College season starts now for West's elite

PHOENIX – The arena went dark, the flames stretched halfway to the ceiling and somewhere out of the pyrotechnics and howling fans Shaquille O'Neal rose from his seat and lumbered into the most ferocious conference race the NBA has ever seen.

O'Neal would go on to score 15 points, collect nine rebounds, scalp DJ Mbenga with a punishing dunk and take out a ref and “Mr. Pau” while twice diving to the floor in his 29-minute debut for the Phoenix Suns on Wednesday night. He would also leave with a loss.

For as encouraging as O'Neal's performance was for the Suns, the evening still belonged to Kobe Bryant, whose 41 points, coupled with 29 more from Pau Gasol, allowed the Los Angeles Lakers to claw out a 130-124 victory in a game that proved as thrilling as it had promised to be.

Said Bryant: “I felt a familiar energy in the building.”

Everyone better get used to it. The Western Conference race is running nine deep these days with five games separating top from bottom. A three-game losing streak, as New Orleans Hornets coach Bryon Scott recently said, “could leave you on the outside looking in.” The competitiveness has even stretched from the court to the front office with the teams seemingly trying to one-up each other with trades.

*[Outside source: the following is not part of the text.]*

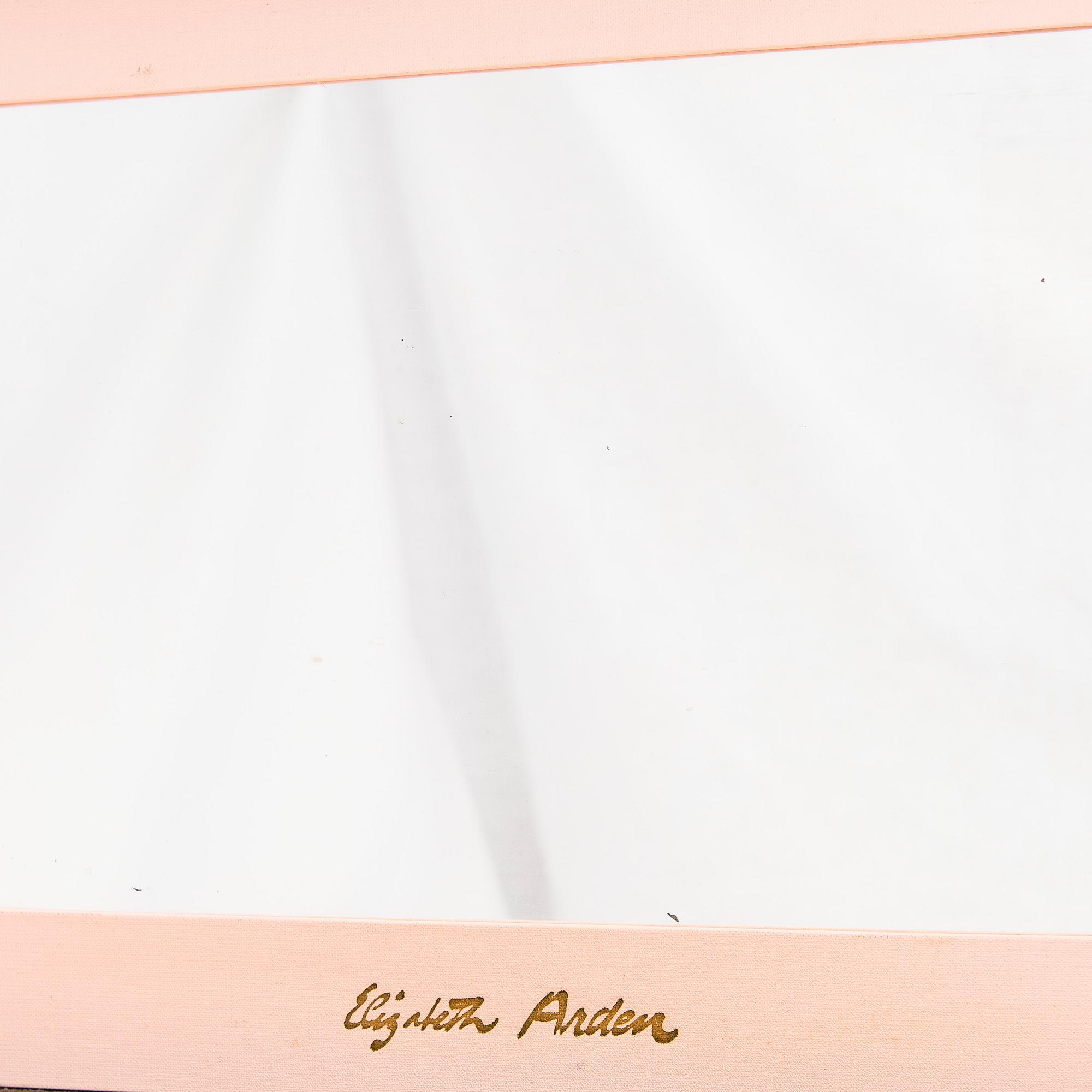 Sminkväska, Elizabeth Arden, 1950-tal.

The Big Aristotle was the center of attention at US Airways Center Wednesday, but it was the wisdom of 21st century philosopher Cedric Ceballos who put the evening in perspective for the entire conference. Delivering a rousing opening to the crowd moments before tipoff, Ceballos nodded first to the Lakers then to his Suns. “You got bigger. We got bigger,” he shouted. “You got better. We got better.”

So it has gone for the West. You got Gasol? We're getting Shaq. Well, we just landed Jason Kidd. The Utah Jazz's earlier pickup of Kyle Korver already has proven to be a season-changing transaction. The San Antonio Spurs, rarely prone to making in-season trades, realized they better step up in size and acquired rugged center Kurt Thomas from the Seattle SuperSonics on Wednesday for Brent Barry, Francisco Elson and their 2009 first-round draft pick.

The trade could have further implications for the conference. The Sonics are expected to waive Barry, possibly freeing the sharp-shooting guard to sign with a rival like Golden State or Phoenix once his calf injury heals.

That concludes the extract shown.